**Problem to solve:** Beginning with the line that holds "PSD psd schwarzes" and ending with the last line below, repeat each line exactly, leaving any pictures out.

**Supplied data:**
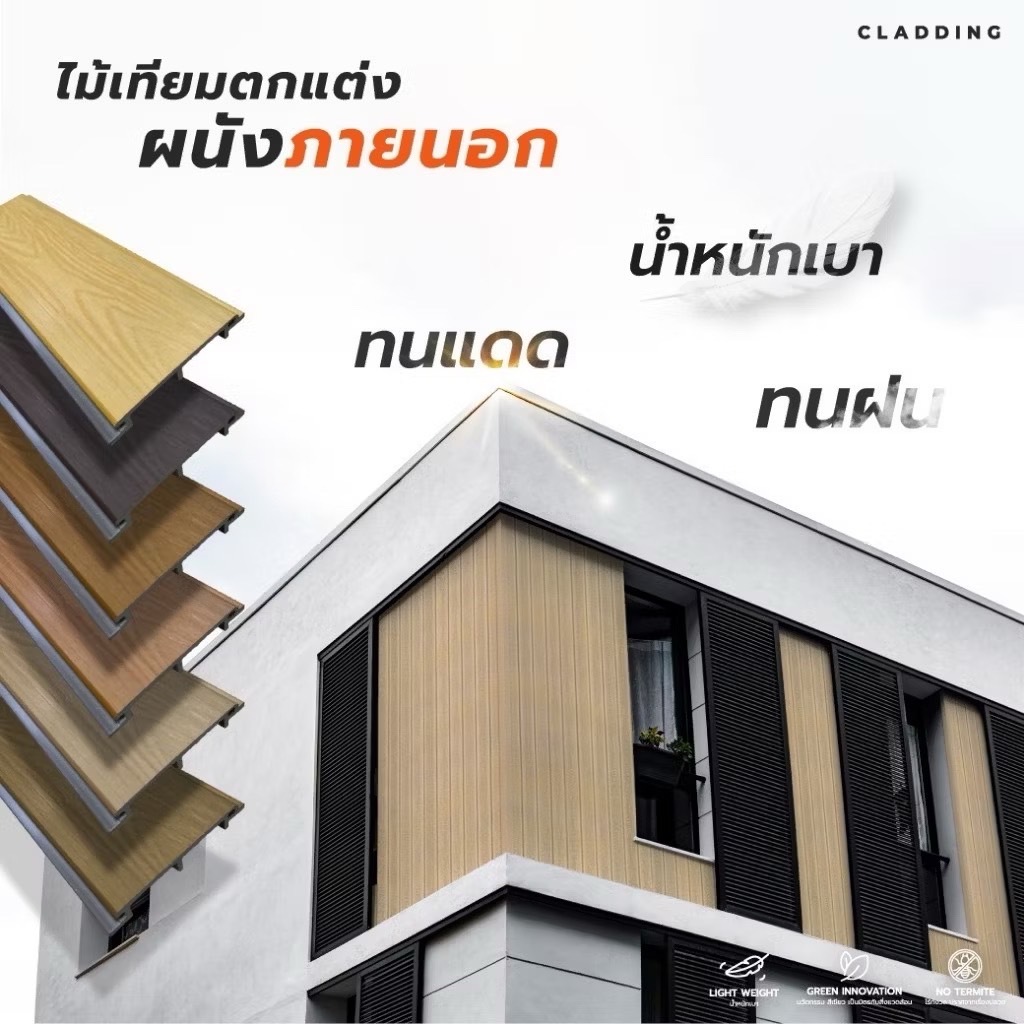 ไม้เทียม ไม้ผนัง ไม้ฝ้า Cladding ยาว 1.95 และ 2 เมตร ( ภายนอก ) รุ่น ...
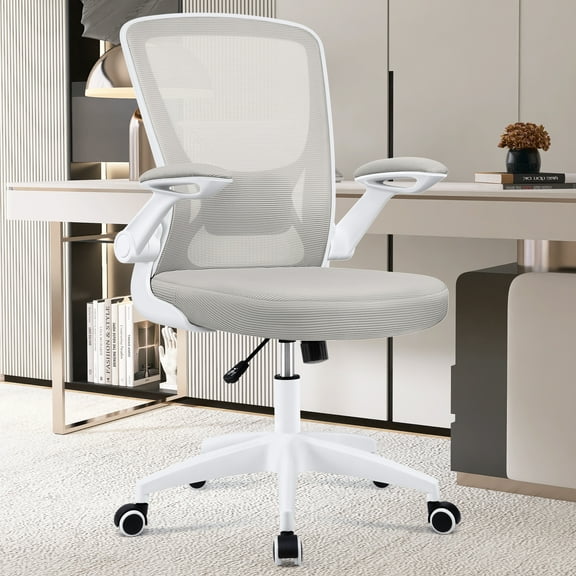 Coolhut Ergonomic Office Chair, Comfort Home Office Task Chair, Lumbar Support Ergonomic Mesh Desk Chair with Flip-up Arms, 300lbs, Light Grey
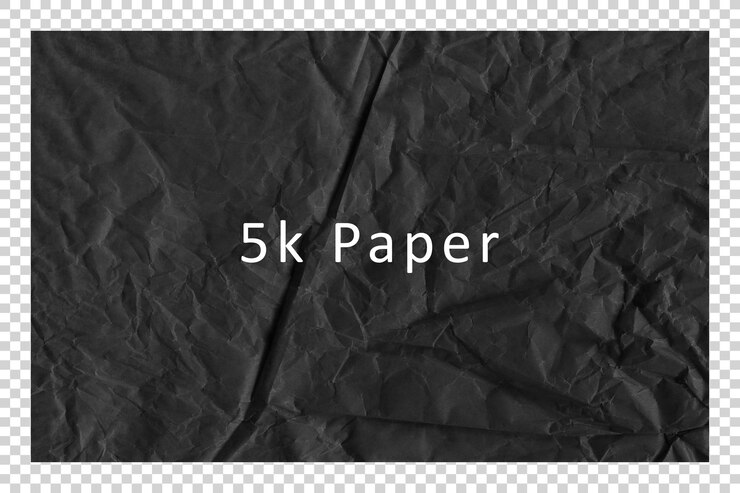PSD psd schwarzes zerknittertes papier auf durchsichtigem hintergrund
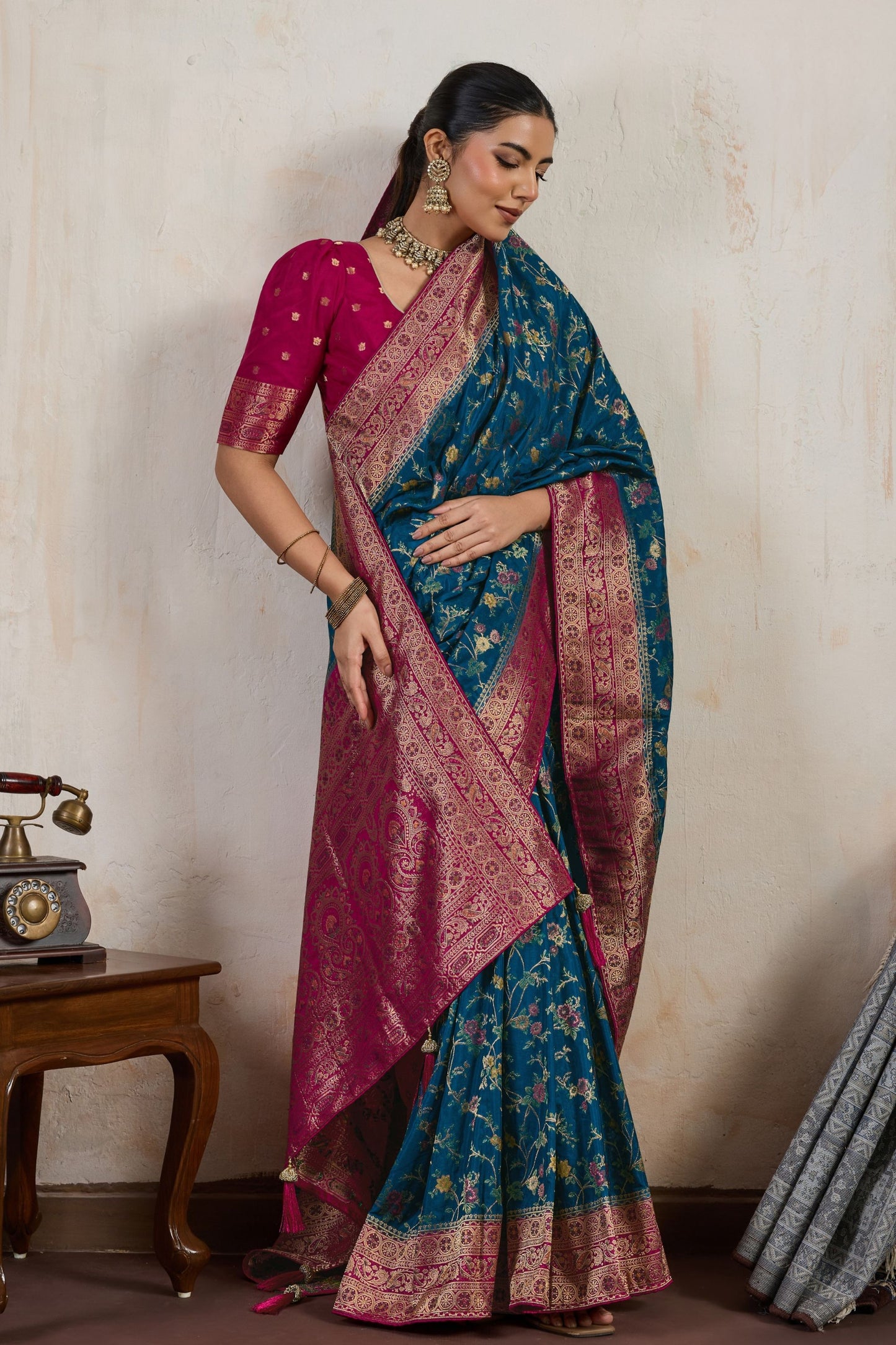 Teal Blue Banarasi Silk Saree Rich Pink Zari Border Floral Weaving Blouse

**Written response:**
PSD psd schwarzes zerknittertes papier auf durchsichtigem hintergrund
 Teal Blue Banarasi Silk Saree Rich Pink Zari Border Floral Weaving Blouse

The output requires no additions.